ABOUT THIS EXERCISE:
Give the data again exactly as written, without any of its pictures.

DATA BLOCK:

══════════════════════════════

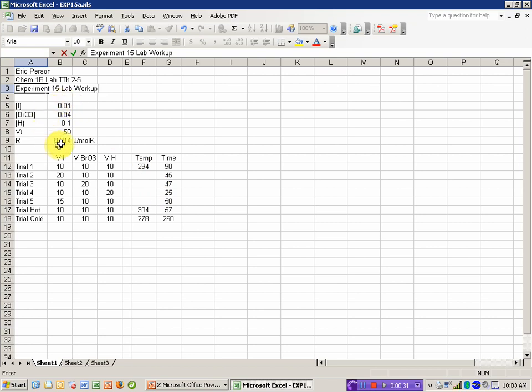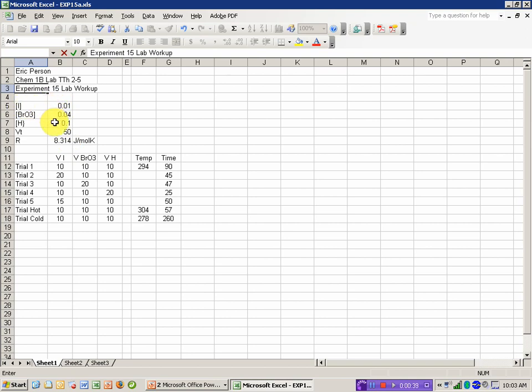I've also entered some key constants that I know I'm going to use in several cells, including the concentrations of the stock solutions of iodine, bromate, and the HCl, the total volume of each of these reaction mixtures. If you look carefully at the procedures, it comes out to 50 milliliters in each case, and the gas constant.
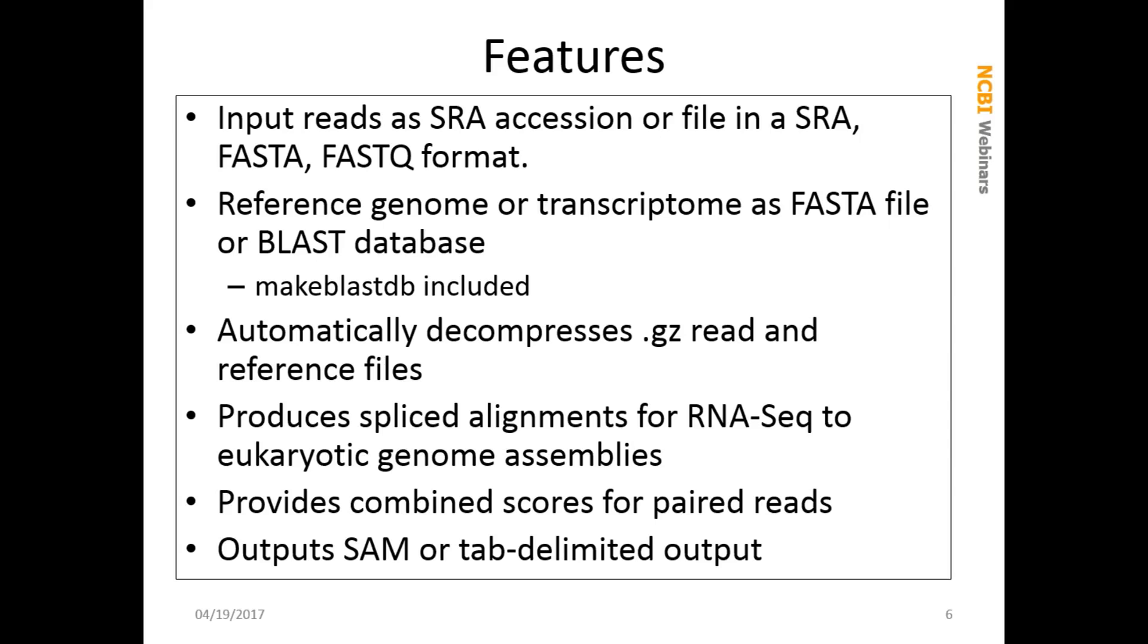Important features of MAGICBLAST include the ability to take input reads in a number of formats, including the ability to just give it an SRA accession and have it access that accession at the NCBI sequence read archive, so you don't have to even download those. The reference genome or transcriptome can be given as a FASTA file or as a BLAST database. When you download the MAGICBLAST package, you get the makeblastdb program with it. It automatically decompresses GZ files and reads them. It produces splice alignments for RNA-seq to eukaryotic genome assemblies. It works with paired reads and provides combined scores for paired reads. It outputs SAM output or a special tab-delimited output that's got some useful features for parsing.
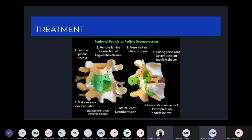Absolutely right in trying to trace out the nerve roots, though being aggressive about that has occasionally led to pars fractures. When patients come back with persistent back pain after decompression, getting a CT scan to make sure you didn't create an iatrogenic pars fracture is important. The hardest part really is doing the foraminal and extra-foraminal decompressions and making sure the nerve is fully decompressed.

══════════════════════════════

ANSWER BELOW:
I've also entered some key constants that I know I'm going to use in several cells, including the concentrations of the stock solutions of iodine, bromate, and the HCl, the total volume of each of these reaction mixtures. If you look carefully at the procedures, it comes out to 50 milliliters in each case, and the gas constant.
Important features of MAGICBLAST include the ability to take input reads in a number of formats, including the ability to just give it an SRA accession and have it access that accession at the NCBI sequence read archive, so you don't have to even download those. The reference genome or transcriptome can be given as a FASTA file or as a BLAST database. When you download the MAGICBLAST package, you get the makeblastdb program with it. It automatically decompresses GZ files and reads them. It produces splice alignments for RNA-seq to eukaryotic genome assemblies. It works with paired reads and provides combined scores for paired reads. It outputs SAM output or a special tab-delimited output that's got some useful features for parsing.
Absolutely right in trying to trace out the nerve roots, though being aggressive about that has occasionally led to pars fractures. When patients come back with persistent back pain after decompression, getting a CT scan to make sure you didn't create an iatrogenic pars fracture is important. The hardest part really is doing the foraminal and extra-foraminal decompressions and making sure the nerve is fully decompressed.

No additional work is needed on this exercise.